• [DATA PROVIDED]:
********
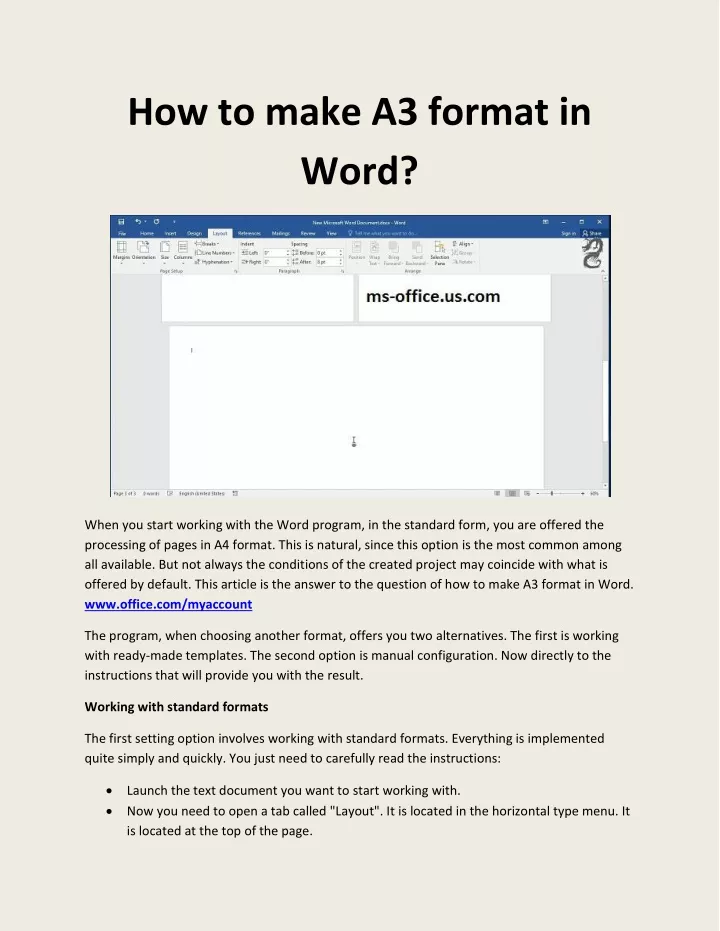 how to make a3 format in word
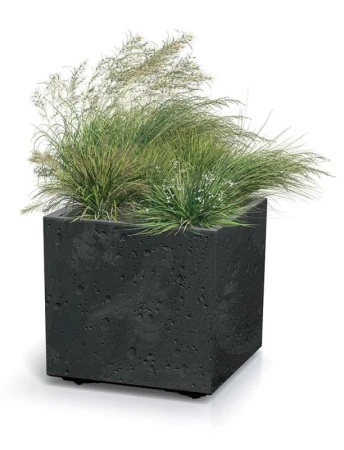 Prosperplast SIERRA SQUARE beton effect antracitový 38,5 cm hranatý květináč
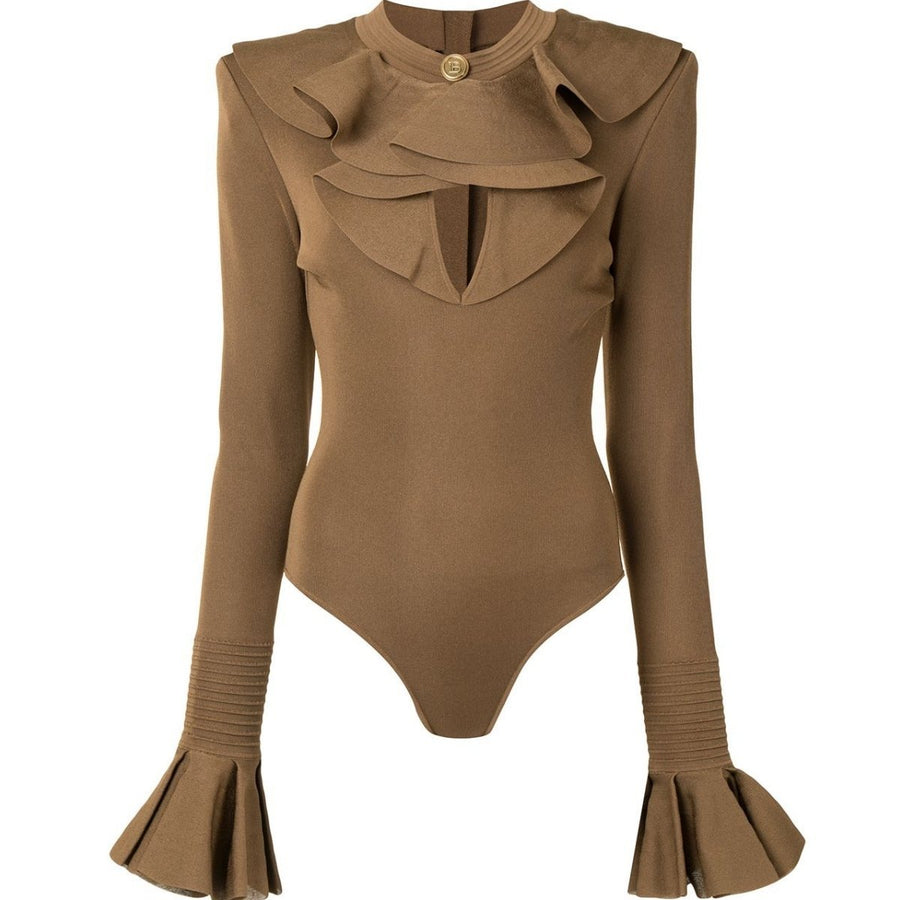 Balmain-Ruffled Knit Bodysuit - Runway Catalog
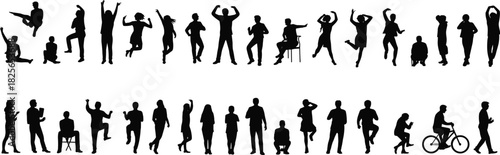 Big set of active people silhouettes, men and women jumping, dancing, sitting, standing, vector collection isolated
********
• [WHAT YOU NEED TO DO]:
Give the complete material again, exactly as written. Do not include the pictures.

• [PROBLEM SOLUTION]:
 how to make a3 format in word
 Prosperplast SIERRA SQUARE beton effect antracitový 38,5 cm hranatý květináč
 Balmain-Ruffled Knit Bodysuit - Runway Catalog
 Big set of active people silhouettes, men and women jumping, dancing, sitting, standing, vector collection isolated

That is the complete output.